→ **Data extracts**:
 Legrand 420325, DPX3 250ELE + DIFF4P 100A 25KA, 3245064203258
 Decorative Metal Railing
* * *
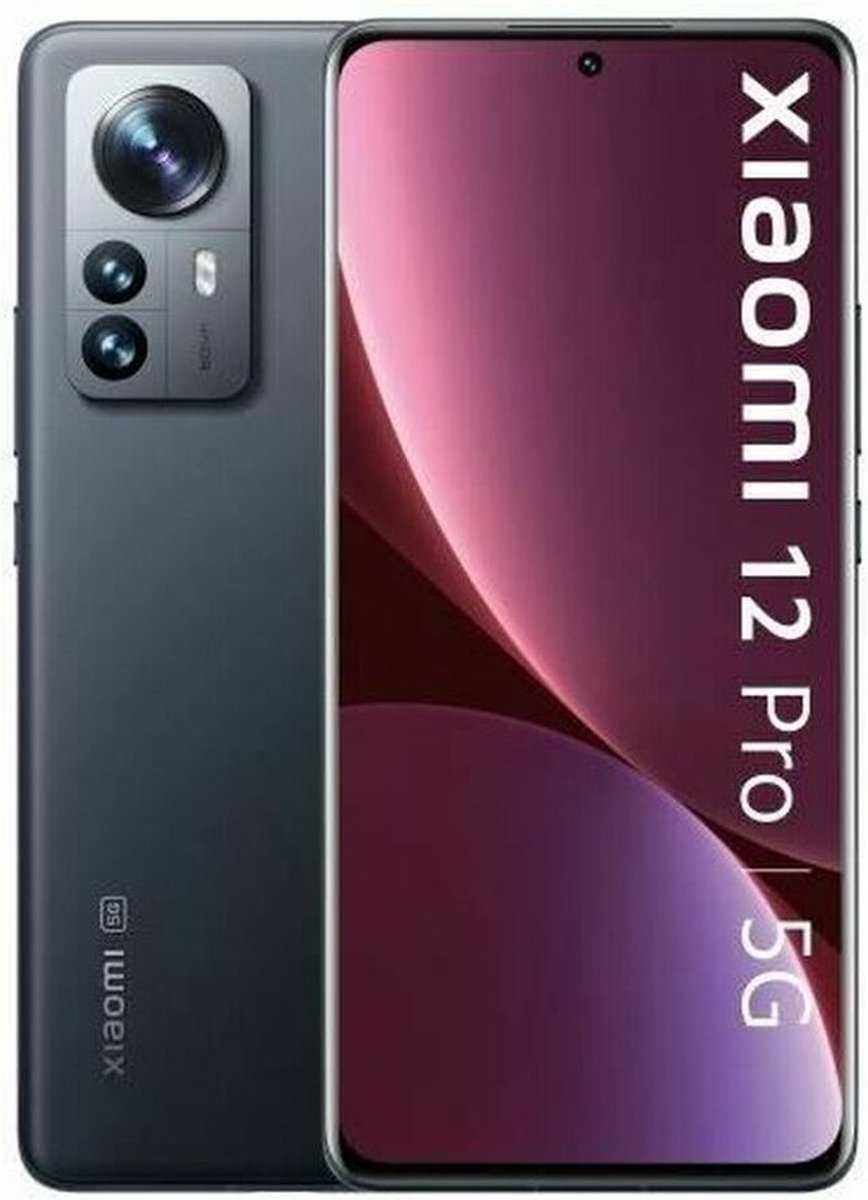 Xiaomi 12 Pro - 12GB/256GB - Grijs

→ **What you have to do**: Out of the data above, give again only the lines starting at the one holding "Legrand 420325, DPX3" and ending at the one holding "Decorative Metal Railing", unchanged.

→ **Exercise response**:
 Legrand 420325, DPX3 250ELE + DIFF4P 100A 25KA, 3245064203258
 Decorative Metal Railing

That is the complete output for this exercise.